Socjologowie od kilku lat monitorujący stan polskiego społeczeństwa nie mają wątpliwości: niezgoda wynikająca ze zróżnicowania postaw i zapatrywań dość niebezpiecznie pogłębia się. Na pierwszy plan wysuwają się zdecydowanie podziały światopoglądowe (wynikające ze stosunku do aborcji, eutanazji, mniejszości narodowych, orientacji seksualnych), niejako w ich tle pozostaje narastające zróżnicowanie społeczno-ekonomiczne (konfliktogenny podział na biednych, bogatych, ludzi sukcesu i tych, którzy sobie nie poradzili w warunkach gospodarki rynkowej). Jeśli pojawia się agresja, to przeważnie wynika ona z dominującego dziś w Polsce kulturowo-cywilizacyjnego podziału społeczeństwa. Podziału wszczepianego nam metodycznie – i trzeba to przyznać, bardzo skutecznie – przez lewicowo-liberalne media oraz przez znaczną część polityków.
To media wykreowały i podtrzymują ten podstawowy dziś rozłam wśród Polaków – na tzw. ciemnogród i cywilizacyjnie oświeconych. Ci pierwsi – wyśmiewani – czytają „Gazetę Polską”, prasę religijną, oglądają telewizje Trwam i Republikę, ci drudzy – sami zaliczający się do salonowej inteligencji – oczywiście są wierni „Gazecie Wyborczej”, TVN… Zważywszy na ogólnie malejące w Polsce czytelnictwo, można przyjąć, że politycznie oraz ideologicznie zorientowana agresja i nienawiść sączy się do naszych domów przede wszystkim z telewizji, a wprost kipi w internecie. Trzeba przyznać, że internet jest tu bardziej demokratyczny i wolny, bo sprawiedliwie dopuszcza do głosu obydwie strony. Od wielu lat każdy publiczny spór przedstawia się w mediach jako niepotrzebną kłótnię wywołaną przez tę rzekomo bardziej kłótliwą, prawicową, część społeczeństwa. Dlatego też podstawową zasadą obowiązującą w dzisiejszym „dobrym towarzystwie” jest nieprzyznawanie się do poglądów innych niż lewicowe lub liberalne. Obowiązuje autocenzura podyktowana poprawnością polityczną. Zasada ta nie dotyczy wyłącznie warszawskich salonów; czasem bywa nawet bardziej restrykcyjnie egzekwowana na głębokiej prowincji, gdzie tęsknota za przynależnością do tzw. wielkiego świata jest bardziej nienasycona.
Ostrość dzisiejszych polskich podziałów to niewątpliwie wytwór „niepełnosprawnego” życia politycznego III RP, które, owszem, chętnie poddajemy ogólnikowej krytyce, ale nie chcemy brać w nim udziału, swe polityczne zaangażowanie ograniczając – i to coraz rzadziej – do jałowych kłótni podczas spotkań towarzyskich. Kłótni, z których niewiele wynika, jako że nawet nie chcemy nawzajem słuchać swoich argumentów. Najchętniej powielamy argumentację zaczerpniętą wprost z mediów, czyli propagandowe hasła, myślowe stereotypy, wmówione antypatie. A coraz częściej uciekamy w dyplomatyczne milczenie.

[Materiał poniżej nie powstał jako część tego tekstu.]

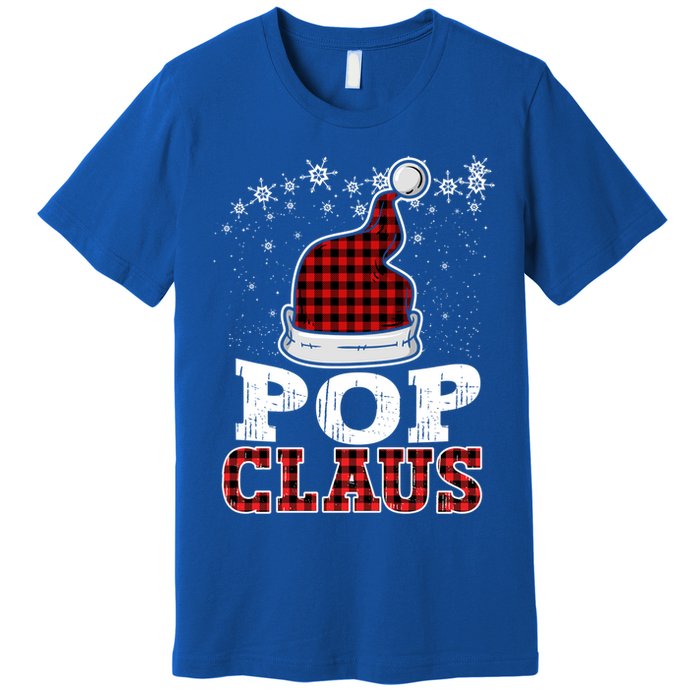 Pop Claus Christmas Santa Hat Buffalo Plaid Matching Family Cool Gift Premium T-Shirt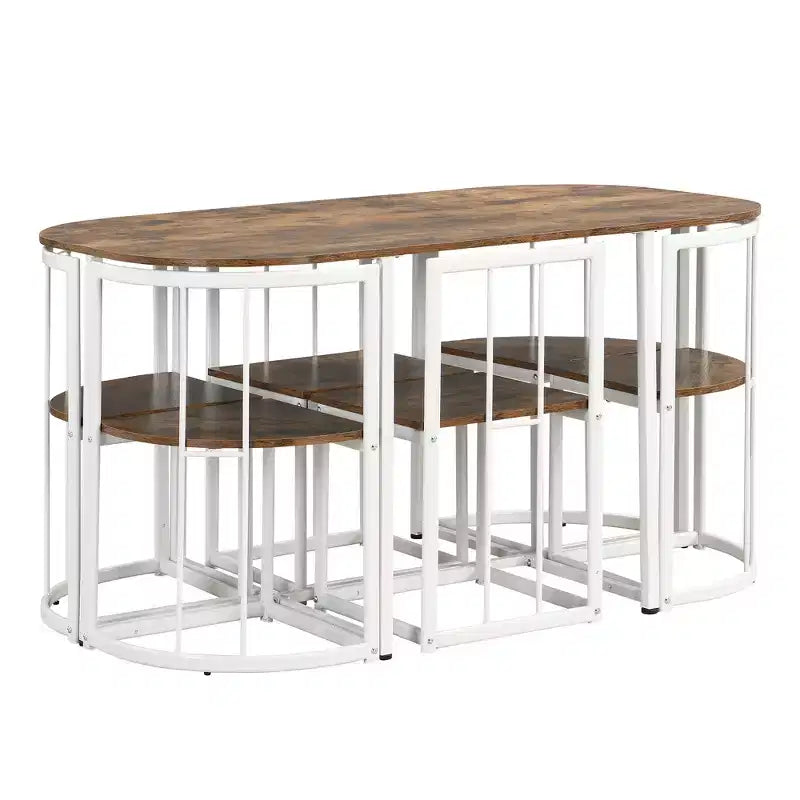 Set tavolo da pranzo moderno in marmo per 6 persone con struttura in metallo, tavolo rettangolare con adesivo effetto marmo e 6 sedie per sala da pranzo e cucina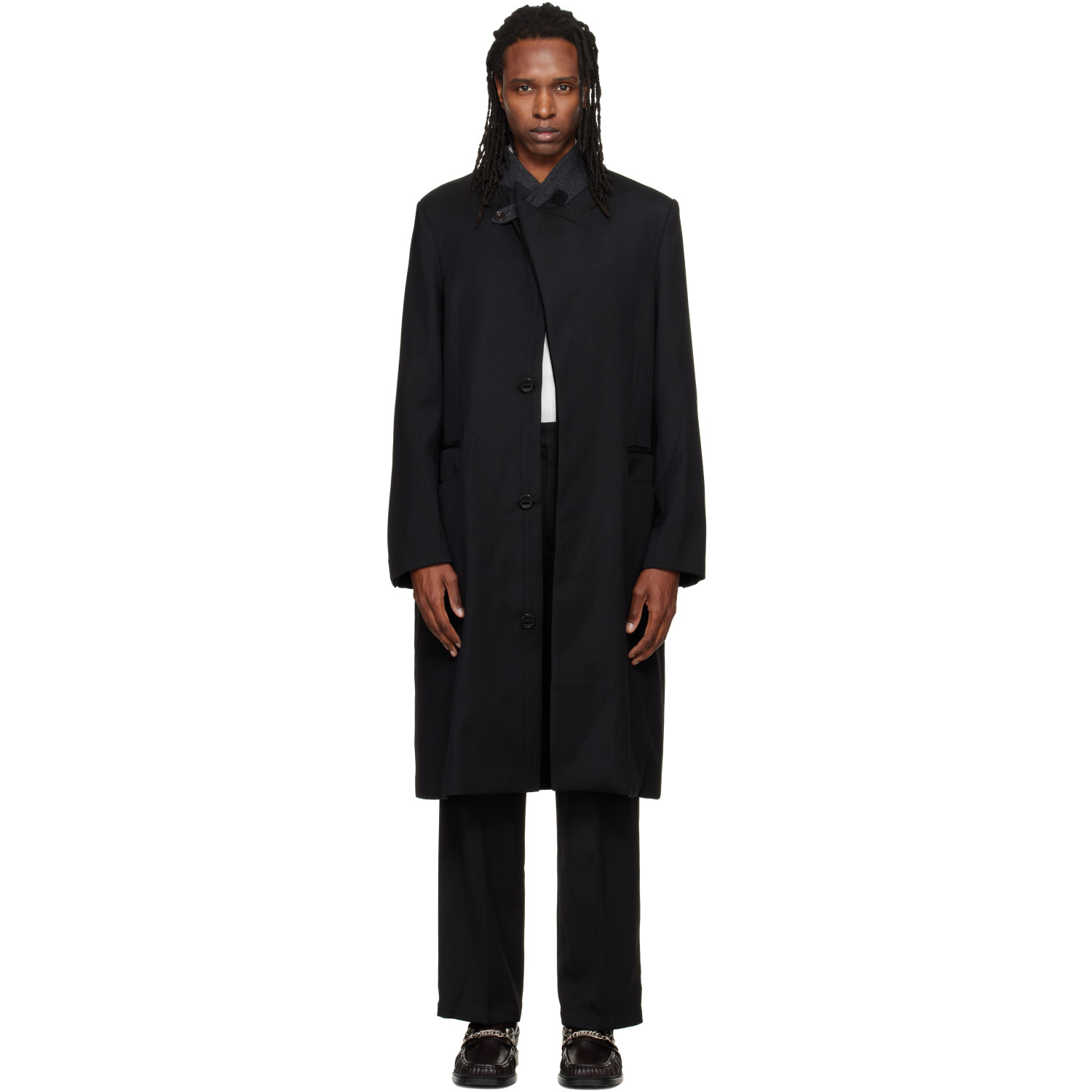 NULLUS Black Pierced Collar Coat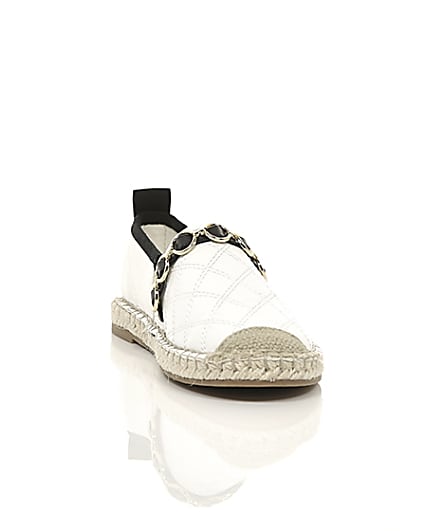 360 degree animation of product Girls white embossed contrast espadrilles frame-5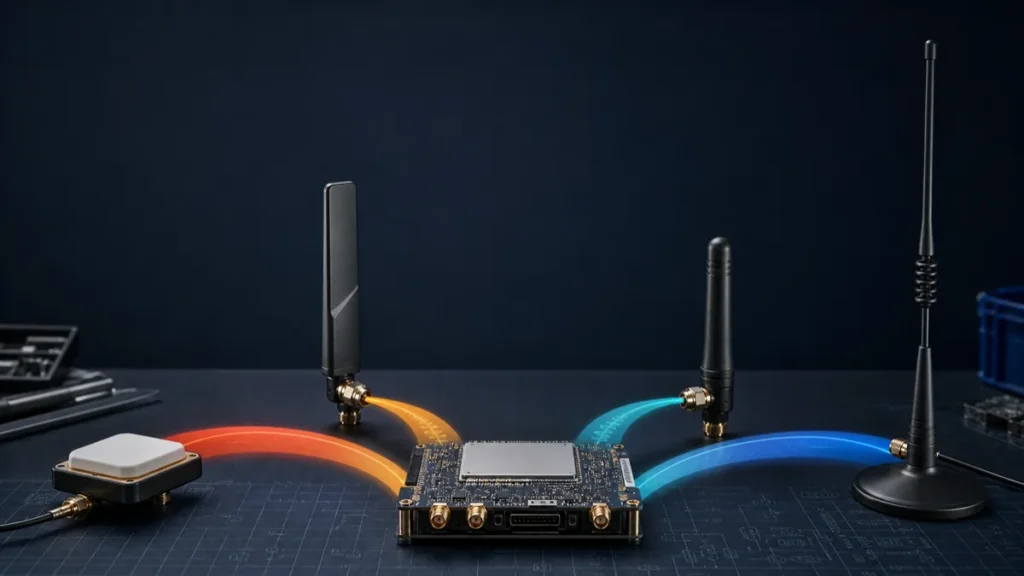 Funkmodul mit GNSS-, Mobilfunk-, WLAN- und Sub-GHz-Antennen zur Frequenzauswahl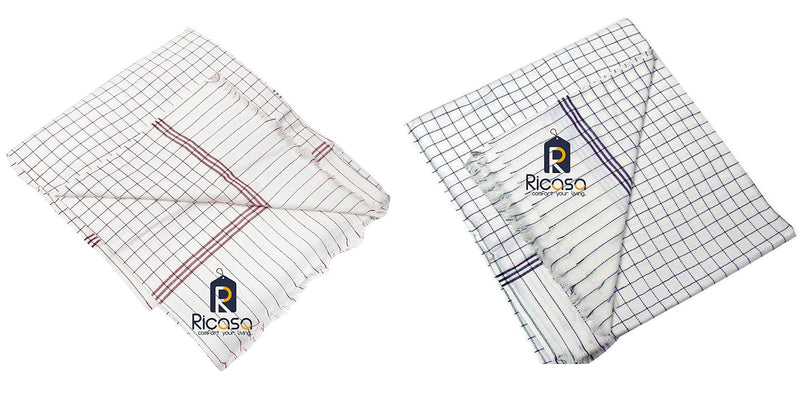 Ricasa 100% Cotton Multicolour Reversible Checkered Single Summer Blanket/Khes/Cotton Blanket/Top Sheet/Chaddar/Dohar Without Filing- Set of 2 (Any Colour as per Availability)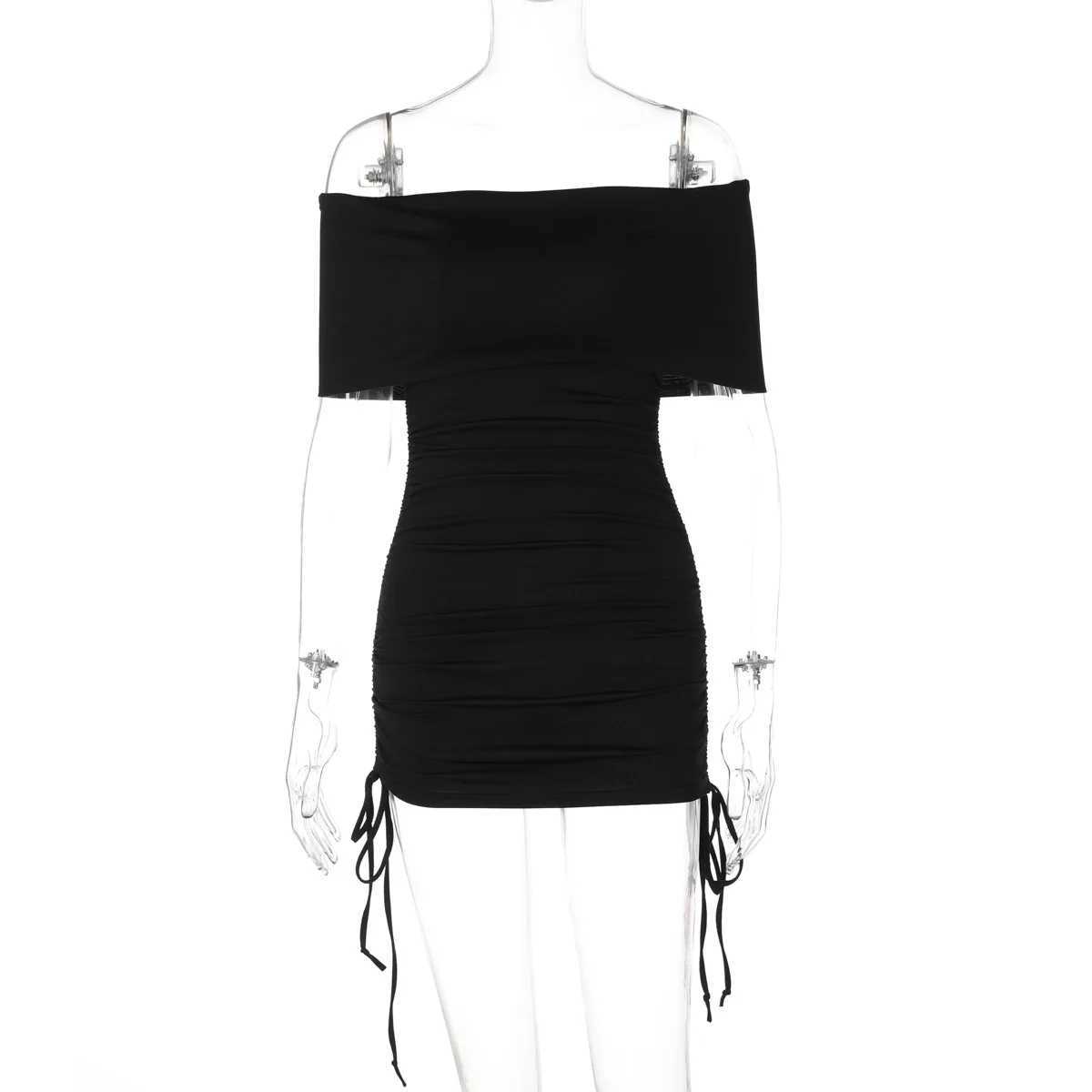 Basic Casual Dresses Lygens Off The Shoulder Short Bodycon Shirring Elegant Evening WomenS Dresses Y2K Strtwear Fashion Korean Casual Clothing H25217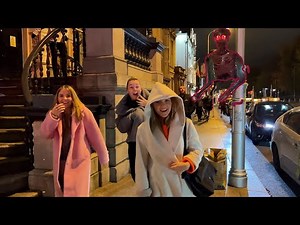 Crazy Skeleton jumping on people prank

Pomóż w rozwoju naszego portalu

Wspieram

Odgórne inspiracje

Reklama

Polska scena polityczna po 1989 r. nie zdołała osiągnąć właściwej dojrzałym demokracjom struktury – tłumaczą politolodzy – stąd to zamieszanie w umysłach i postawach Polaków (nie wyłączając polityków), dlatego zamiast rzeczowej debaty – nieustanne przekrzykiwanie się.
W uproszczeniu mówiąc, doraźna walka polityczna prowadzona jest w zasadzie przez specjalistów od tzw. czarnego PR, co oznacza brutalne dyskredytowanie oponentów politycznych i całkowite wykluczenie rzeczowej debaty o naprawdę ważnych dla Polski sprawach. Spokojna dyskusja nie wchodzi w grę.
Kiedy doszło do tej blokady? Kiedy i kto na dobre rozniecił społeczną nienawiść? – zastanawiają się socjologowie. Nie wszyscy na szczęście przyjmują podpowiedź mediów i obecnie rządzącej formacji, że to wyłączna wina prawicy uosabianej przez Kaczyńskiego, Macierewicza i całe Prawo i Sprawiedliwość; prawicy coraz częściej ironicznie nazywanej „prawicą smoleńską”.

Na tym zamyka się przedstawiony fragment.